Participant type(s)	Patient
Age group	Mixed
Lower age limit	18 Years
Upper age limit	110 Years
Sex	Male
Target sample size at registration	40
Key inclusion criteria	1. Histologically confirmed adenocarcinoma of the prostate. Primary small cell carcinoma, carcinoid tumor, neuroendocrine (NE) carcinoma, or large cell NE carcinoma arising in the prostate are not allowed; however, adenocarcinomas with NE features (for example [e.g.], immunohistochemistry [IHC] with both androgen receptor [AR]- and NEmarker positivity) are allowed. 2. Metastatic castration-resistant prostate cancer (mCRPC) that is metastatic either to bone, any lymph node, or both without clear evidence of metastasis to visceral organs. Local-regional invasion (rectum, bladder) and bone disease with soft tissue component can be included 3. Prior orchiectomy or medical castration (for example, must be receiving ongoing androgen deprivation therapy with a gonadotropin-releasing hormone [GnRH] analog [agonist or antagonist] prior to the first dose of study drug and must continue this therapy throughout the treatment phase) 4. Prostate-specific antigen (PSA) greater than or equal to (>=) 2 nanograms per milliliters (ng/mL) at screening 5. Measurable or evaluable disease 6. Eastern Cooperative Oncology Group (ECOG) performance status of 0 or 1
Key exclusion criteria	1. Toxicity related to prior anticancer therapy that has not returned to grade less than or equal to (<=) 1 or baseline levels (except for alopecia, neuropathy [Grade 2] and vitiligo) 2. Known allergies, hypersensitivity, or intolerance to any of the components (for example, excipients) of pasritamig or JNJ-86974680 3. Active infection or condition that requires treatment with systemic antibiotics within 7 days prior to the first dose of study treatment.
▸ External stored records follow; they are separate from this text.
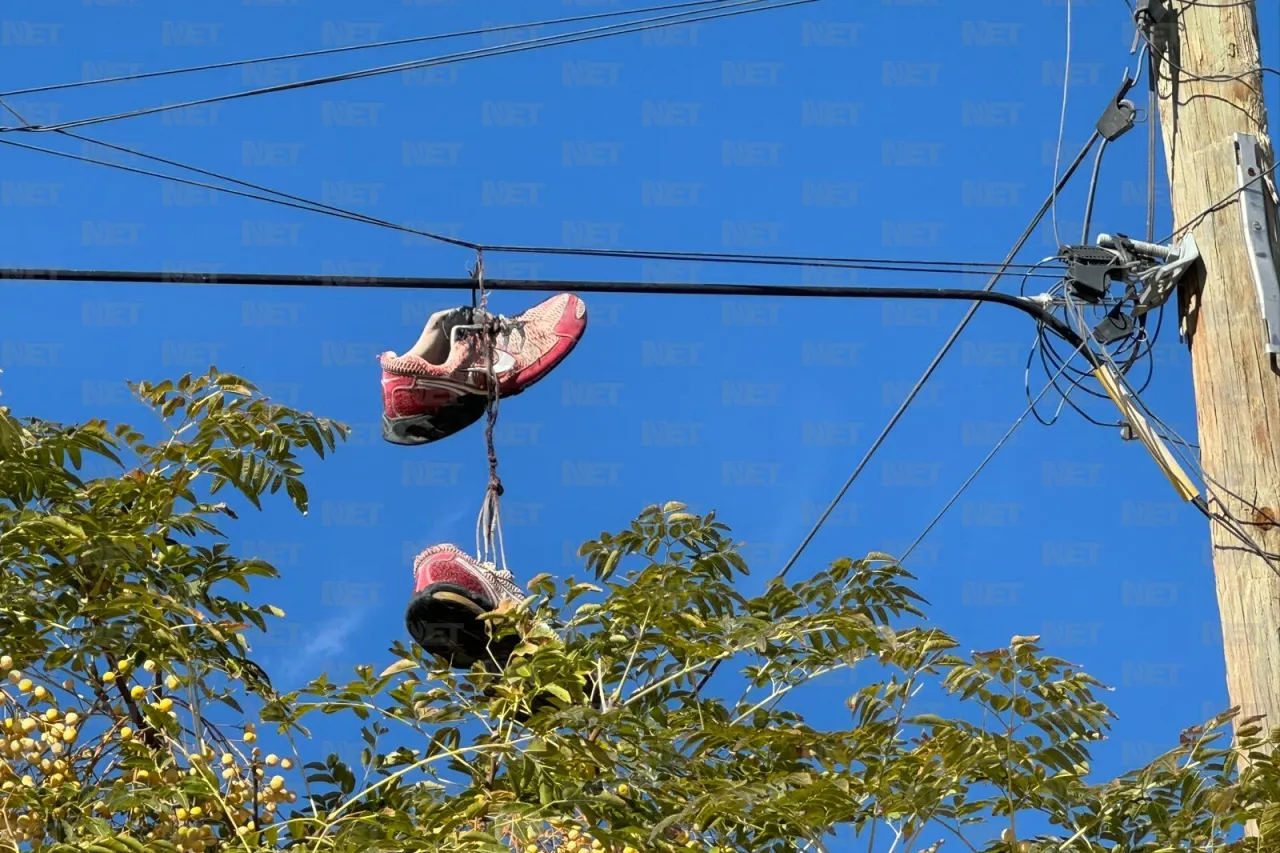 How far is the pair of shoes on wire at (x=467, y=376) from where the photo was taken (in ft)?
17.3

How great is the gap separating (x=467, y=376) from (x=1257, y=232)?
7.98 ft

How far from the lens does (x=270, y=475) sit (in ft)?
15.9

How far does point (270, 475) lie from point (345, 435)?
0.87ft

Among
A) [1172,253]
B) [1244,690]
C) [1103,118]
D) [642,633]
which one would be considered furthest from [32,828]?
[1103,118]

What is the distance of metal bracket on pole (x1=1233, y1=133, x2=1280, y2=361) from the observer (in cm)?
518

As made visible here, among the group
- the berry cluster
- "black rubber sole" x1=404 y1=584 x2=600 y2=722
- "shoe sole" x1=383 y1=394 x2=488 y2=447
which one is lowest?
the berry cluster

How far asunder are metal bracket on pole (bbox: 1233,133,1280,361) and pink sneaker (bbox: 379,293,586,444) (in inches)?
81.1

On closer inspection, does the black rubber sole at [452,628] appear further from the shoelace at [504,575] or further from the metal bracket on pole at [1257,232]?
the metal bracket on pole at [1257,232]

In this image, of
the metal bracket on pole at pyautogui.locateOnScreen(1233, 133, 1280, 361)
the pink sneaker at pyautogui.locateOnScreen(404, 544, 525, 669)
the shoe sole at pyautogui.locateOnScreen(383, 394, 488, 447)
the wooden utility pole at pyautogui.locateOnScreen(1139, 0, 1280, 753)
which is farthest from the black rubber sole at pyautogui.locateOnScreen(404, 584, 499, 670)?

Antibiotic or antiviral prophylaxis is allowed 4. Have leptomeningeal disease or brain metastases, except participants with definitively, locally treated brain metastases that are clinically stable and asymptomatic >2 weeks, and who are off corticosteroid treatment for at least 2 weeks prior to first dose of study treatment 5. Any serious underlying medical conditions or other issue that would impair the ability of the participant to receive or tolerate the planned treatment at the investigational site to understand the informed consent, or any condition for which, in the opinion of the investigator, participation would not be in the best interest of the participant or that could prevent, limit, or confound the protocol-specified assessments
Date of first enrolment	14/01/2026
Date of final enrolment	22/05/2026

Locations

Countries of recruitment

United Kingdom
England
United States of America

Study participating centres

The Christie

550 Wilmslow Road
Withington
Manchester
M20 4BX
England

Royal Marsden Hospital

Downs Road
Sutton
SM2 5PT
England

Florida Cancer Specialists

600 N Cattleman Rd
Sarasota
34232
United States of America

Columbia University Medical Centre

177 Fort Washington
New York
10032
United States of America

University Hospitals Cleveland

11100 Euclid Ave
Cleveland
44106
United States of America

Results and Publications

Individual participant data (IPD) Intention to share	Yes
IPD sharing plan summary	Available on request, Stored in non-publicly available repository
IPD sharing plan	The data sharing policy of the Janssen Pharmaceutical Companies of Johnson and Johnson is available at www.janssen.com/clinical-trials/transparency. As noted on this site, requests for access to the study data can be submitted through the Yale Open Data Access (YODA) Project site at yoda.yale.edu.

Editorial Notes

24/12/2025: ISRCTN received notification of combined HRA/MHRA approval for this trial on 24/12/2025.
16/10/2025: Trial's existence confirmed by NHS HRA.